Querying the Local DuckDB Cache

Add a DuckDB connection to the YAML (see my_duckdb_local example above) and query cached tables:

local_summary <- queryDB(
  "SELECT COUNT(*) AS n_rows FROM big_fact_local",
  conn_name = "my_duckdb_local"
)
local_summary

You can also use DBI or dplyr directly:

library(DBI)
duck_con <- DBI::dbConnect(duckdb::duckdb(), dbdir = "analytics.duckdb")
DBI::dbGetQuery(duck_con, "SELECT * FROM recent_events LIMIT 5")
DBI::dbDisconnect(duck_con, shutdown = TRUE)

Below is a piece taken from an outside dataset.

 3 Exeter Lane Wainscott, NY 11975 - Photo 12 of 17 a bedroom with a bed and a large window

There is one function you need: queryDB(). It will take a SQL query as a string parameter and run it on the db.

For example:

library(snowquery)

query <- "SELECT * FROM MY_AWESOME_TABLE"
result_dataframe <- queryDB(query, conn_name='my_snowflake_dwh')
print(result_dataframe)

or

library(snowquery)

queryDB("SELECT * FROM MY_AWESOME_TABLE", conn_name='my_snowflake_dwh')

or

library(snowquery)
# You can also pass in credentials manually
result <- queryDB("SELECT * FROM my_table",
                   db_type='snowflake',
                   username='my_username',
                   password='my_password',
                   account='my_account',
                   database='my_database',
                   warehouse='my_warehouse',
                   role='my_role',
                   timeout=30)
print(result)

DuckDB Caching Notes

Workflow: 1. Pull once from a remote DWH. 2. Iterate locally against DuckDB for joins, aggregations, prototyping. 3. Refresh by re‑running with overwrite = TRUE, or append with overwrite = FALSE (Snowflake / append path: ensure schema consistency).

Why DuckDB? * Fast analytical execution (vectorized / columnar). * Lightweight (no server to run). * Plays nicely with data frames and dplyr (dbplyr translations work out of the box for Postgres/Redshift streaming path).

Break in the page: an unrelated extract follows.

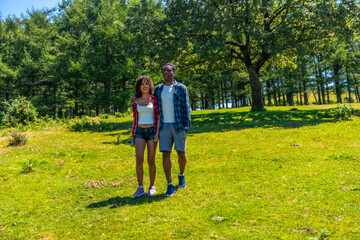Young tourists couple walking in green meadow on sunny day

Limitations / Notes: * Snowflake streaming depends on connector feature availability; falls back to full fetch if batch iterator missing. * Appending from heterogenous schemas is not validated automatically. * No explicit indexing (internal zone maps generally sufficient). * Caching from a DuckDB source is intentionally blocked (it is already local).

Planned (future): progress display, verbosity flag, helper to enumerate cached tables.